:: STORED DATA ::
• • • • • • •
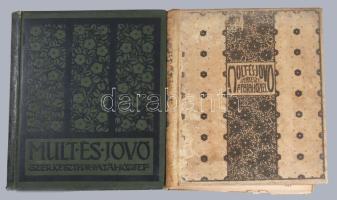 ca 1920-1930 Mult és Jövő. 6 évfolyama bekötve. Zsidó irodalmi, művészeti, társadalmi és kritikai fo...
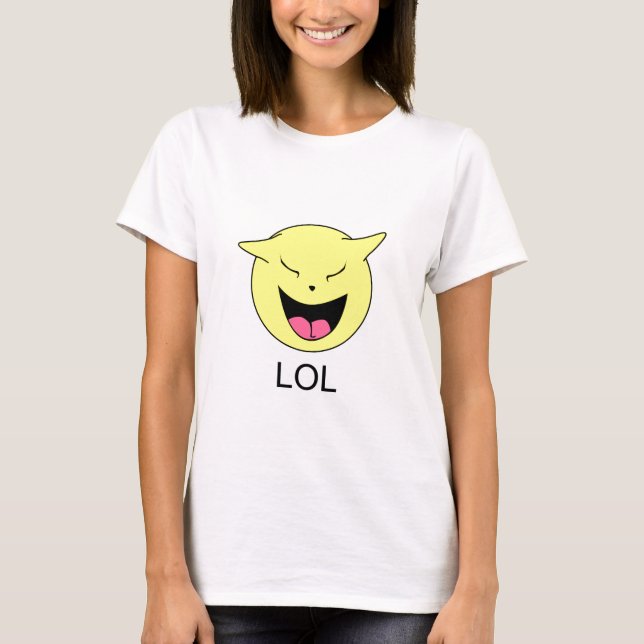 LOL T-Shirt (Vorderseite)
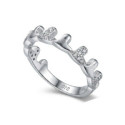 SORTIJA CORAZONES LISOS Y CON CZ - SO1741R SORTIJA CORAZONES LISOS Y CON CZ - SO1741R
• • • • • • •
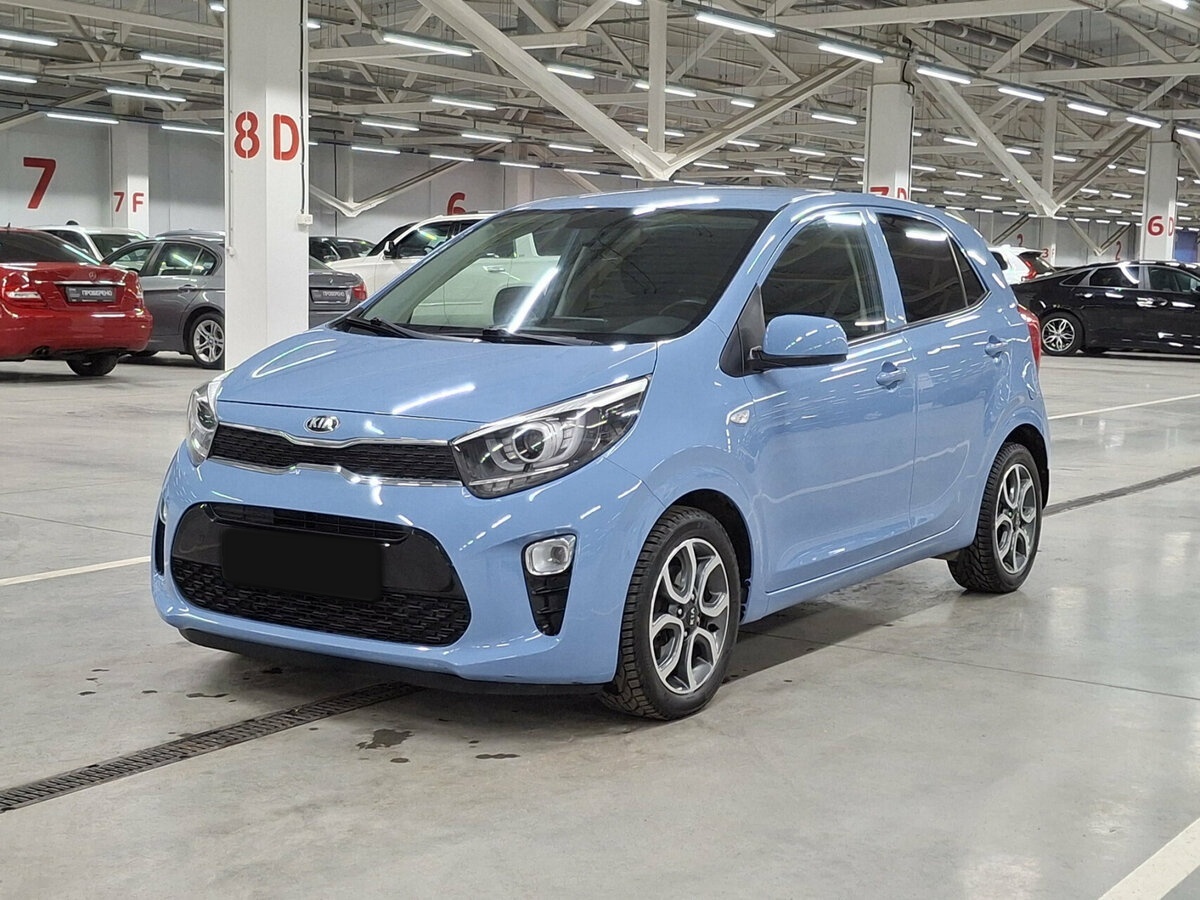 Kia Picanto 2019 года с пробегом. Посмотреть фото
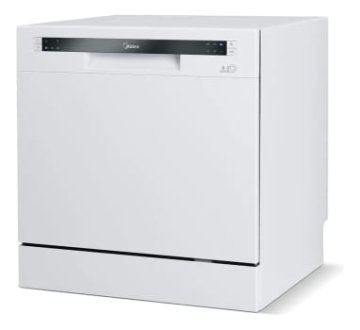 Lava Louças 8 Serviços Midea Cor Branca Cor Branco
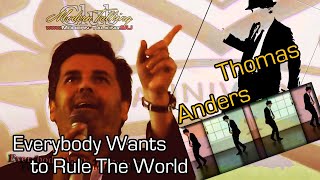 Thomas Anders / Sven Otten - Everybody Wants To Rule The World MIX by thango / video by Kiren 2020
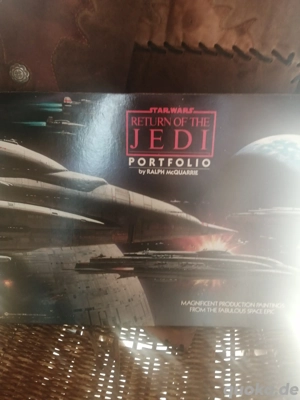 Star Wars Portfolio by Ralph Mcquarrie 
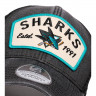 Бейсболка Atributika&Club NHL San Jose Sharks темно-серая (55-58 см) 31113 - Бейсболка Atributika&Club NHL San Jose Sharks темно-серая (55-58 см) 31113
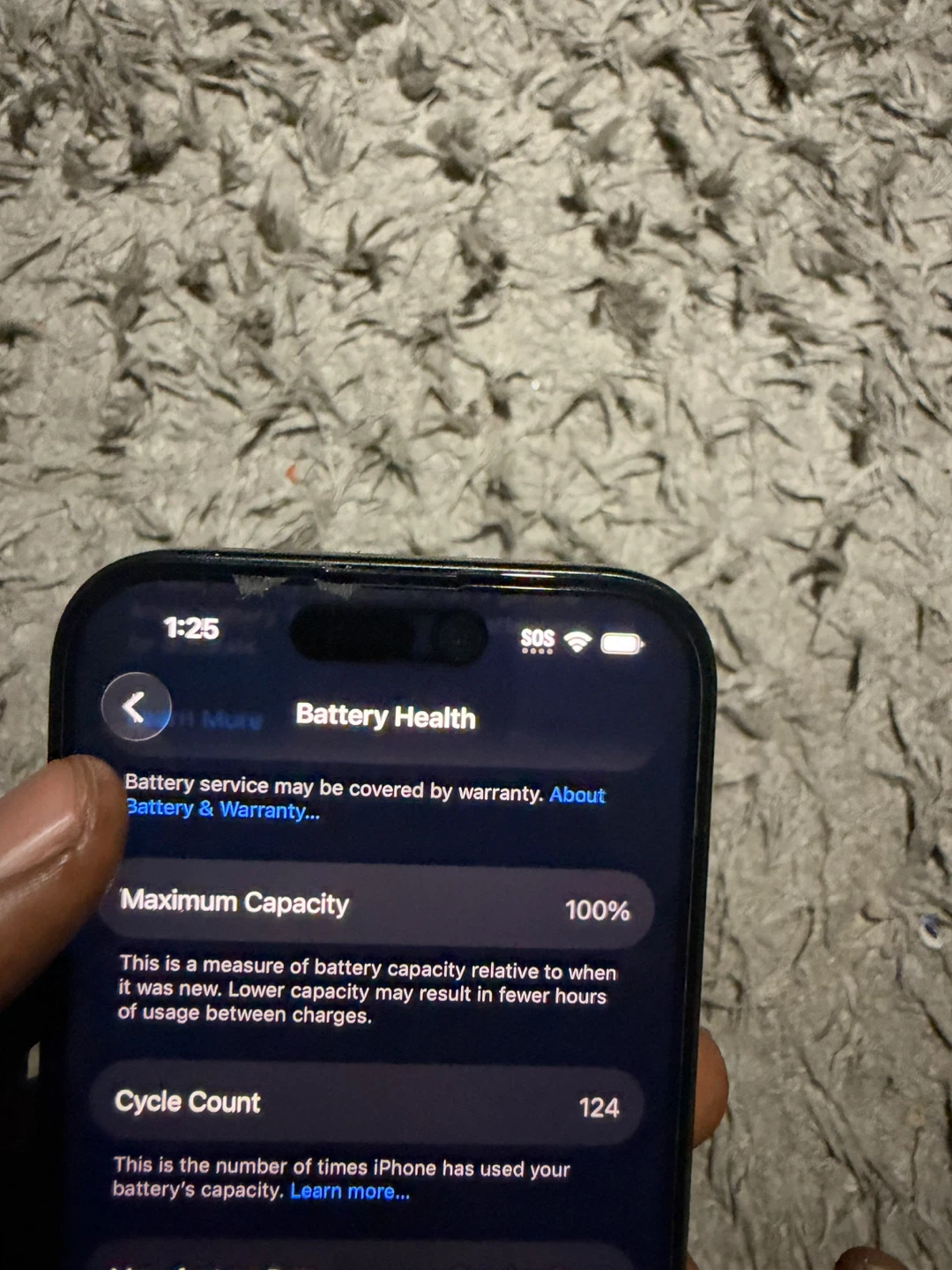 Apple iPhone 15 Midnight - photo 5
• • • • • • •
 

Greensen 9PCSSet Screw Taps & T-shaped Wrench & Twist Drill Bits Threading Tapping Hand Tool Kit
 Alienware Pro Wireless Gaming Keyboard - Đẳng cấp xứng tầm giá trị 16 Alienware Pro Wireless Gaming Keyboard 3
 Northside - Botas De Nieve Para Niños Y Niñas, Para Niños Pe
• • • • • • •
:: PROMPT ::
Each line from the one that contains "LOL T-Shirt (Vorderseite)" down to the one that contains "SORTIJA CORAZONES LISOS Y CON CZ - SO1741R SORTIJA" is to be returned exactly as it stands above, both ends included, with pictures removed.

:: EXERCISE OUTPUT ::
 LOL T-Shirt (Vorderseite)
 SORTIJA CORAZONES LISOS Y CON CZ - SO1741R SORTIJA CORAZONES LISOS Y CON CZ - SO1741R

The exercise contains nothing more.